Assim, ainda que o futebol de hoje não consiga mais cumprir aquele papel catártico eficiente de outros tempos, o fascínio religioso que exerce em seus aficcionados é mais do que suficiente para não permitir que o esporte se deixe corromper de vez pelo seu lado negocial e perca definitivamente a graça, o imprevisível e a alegria.
O futebol não é ciência exata e não se forma um time de um dia para o outro. Muitas vezes na prática a teoria é outra e a realidade, por vezes cruel, se mostra bem diferente do que desejamos. Como não canso de repetir, muitas são as variáveis que podem se conjugar para por tudo a perder. E, muitos também são os agentes internos e externos que podem conjugar os seus esforços em prol do sucesso.
Dirigentes, conselheiros, funcionários, comissão técnica, treinador, jogadores, imprensa, “influencers”, torcedores, arbitragens, VAR e as entidades controladoras do esporte, cada qual à sua maneira e em grau maior ou menor, inevitavelmente afetam, seja para o bem, seja para o mal, o desempenho da equipe dentro de campo.
Por isso e, mais do que nunca, o torcedor alvinegro se torna peça fundamental na vida do Atlético.

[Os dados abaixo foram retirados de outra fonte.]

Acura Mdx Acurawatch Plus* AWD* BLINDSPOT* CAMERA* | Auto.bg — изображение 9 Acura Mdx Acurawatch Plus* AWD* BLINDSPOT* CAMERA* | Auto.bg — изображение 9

Com esse calendário maluco e perverso que vai fazer o Glorioso realizar 18 jogos em 60 dias, i.e., 1 jogo a cada 3,33 dias, além de um condicionamento físico e um equilíbrio mental excepcionais, mais do que nunca o apoio, o abraço e o incentivo da Massa serão a vitamina e a sustentação do time atleticano nessa tripla e dura jornada, Brasileirão, Copa do Brasil e Libertadores.
Com esse elenco curto, então, a missão atleticana será absurdamente espinhosa. As contusões jogo após jogo já mostram que o desgaste inevitável já é um inimigo poderoso.
Se o Rei Reinaldo sempre embalará e irá colorir o imaginário de quem o viu jogar, se a lembrança da magia do Bruxo sempre levará o atleticano a experimentar sensações e gozos que só ele é capaz de sentir e vivenciar e se Hulk é hoje para cada galista apaixonado o super-herói cuja missão é salvar o Galo de todos os males e inimigos do mundo, é sinal que o atleticano está sabendo melhor do que qualquer outro torcedor o poder do imponderável.
Assim, se o torcedor alvinegro que já venceu o vento entender a importância de fazer renascer o seu acreditar, aprendendo a conjugar o verbo esperançar, i.e., jogando junto com o time, fatalmente ele fará verbalizar na prática o seu sonho, o sonho de cada galista apaixonado. Na prática, a teoria pode ser o que o atleticano quiser e fizer.